Netanyahu did not accept Kerry’s proposal and said he would have difficulty getting it approved by his governing coalition. Still, the Aqaba summit was the basis for the talks that began two weeks later between Netanyahu and opposition leader Isaac Herzog (Zionist Union) on establishing a unity government.
Details about the summit and the plan emerged from conversations between Haaretz and former senior officials in the Obama administration who asked to remain anonymous. The Prime Minister’s Bureau refused to comment.
It was Kerry who initiated the conference. In April 2014, the peace initiative he had led collapsed, negotiations between Israel and the Palestinians entered a deep freeze and U.S. President Barack Obama declared a time-out in U.S. attempts to restart the peace process. Over the next 18 months Kerry focused on attaining an agreement with Iran over its nuclear program; an agreement was reached in July 2015 and ratified by Congress in mid-September.

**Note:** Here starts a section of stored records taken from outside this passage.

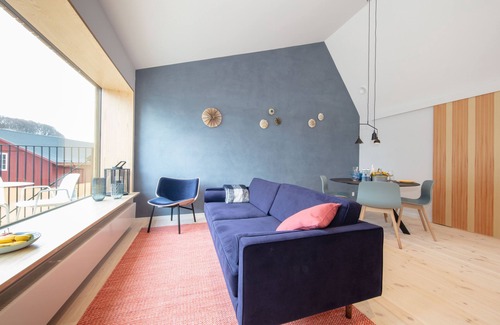 Borre Apartamento | Villa Huno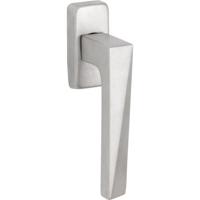 Artitec Mi Satori Draaikiep raamkruk Mini V mat nikkel ongelakt - thumbnail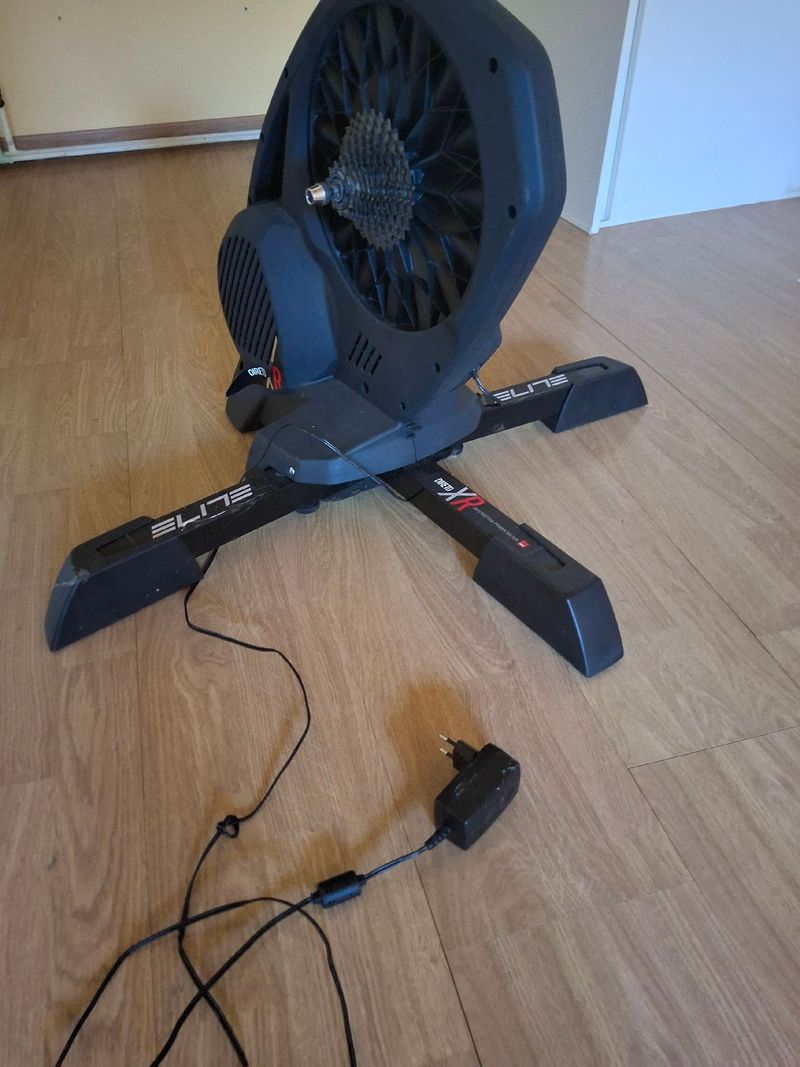 Used Elite Direto XR 2020 Cycling Accessories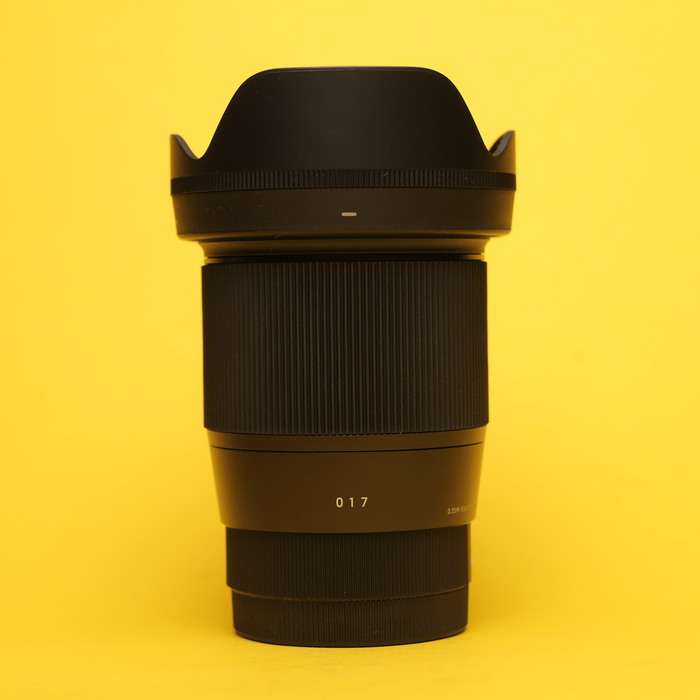 Sigma 16/1.4 DC DN Contemporary Sony E | 57978924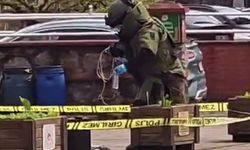 'Elimde bomba var' diye bağırdı, gözaltına alındı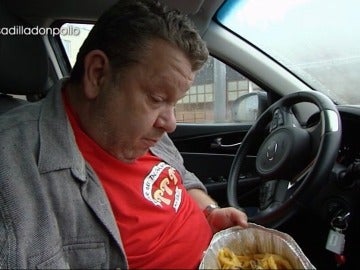 La tomadura de pelo a Alberto Chicote: “Coño, si me ha puesto medio pollo y me ha cobrado un pollo entero. ¡Qué espabilado!” La tomadura de pelo a Alberto Chicote: “Coño, si me ha puesto medio pollo y me ha cobrado un pollo entero. ¡Qué espabilado!”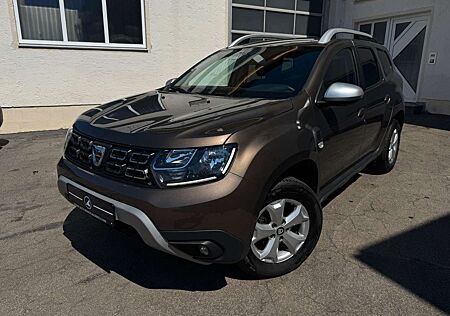 Dacia Duster II Prestige 4WD 8RÄDER 360 NAVI SHZ TEMPO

In October that year, Kerry renewed his work on the Israeli-Palestinian process following an escalation of tensions over the Temple Mount and a wave of violence in East Jerusalem and the West Bank.
At the end of October, Kerry was able to achieve understandings confirming the status quo on the Temple Mount by Israel, the Palestinians and Jordan. As part of these understandings, Israel and Jordan launched talks over the placement of closed-circuit cameras on the Temple Mount, an idea that was never implemented.
Two weeks later, Netanyahu came to Washington for his first meeting with Obama in more than a year – a period when the two leaders badly clashed over the nuclear deal with Iran.
During his meeting with Obama in the Oval Office on November 10, Netanyahu said he had new ideas for renewing talks with the Palestinians. Obama, who no longer believed that Netanyahu had serious intentions, asked him to discuss the matter with Kerry.
The following day Netanyahu met with Kerry and proposed a series of significant gestures to the Palestinians in the West Bank, including permits for massive construction by Palestinians in Area C, the area of the West Bank under Israeli military and civilian control. Netanyahu asked that in exchange Washington recognize that Israel could build in the large Jewish settlement blocs in the West Bank, but did not make clear whether this meant construction outside the blocs would cease.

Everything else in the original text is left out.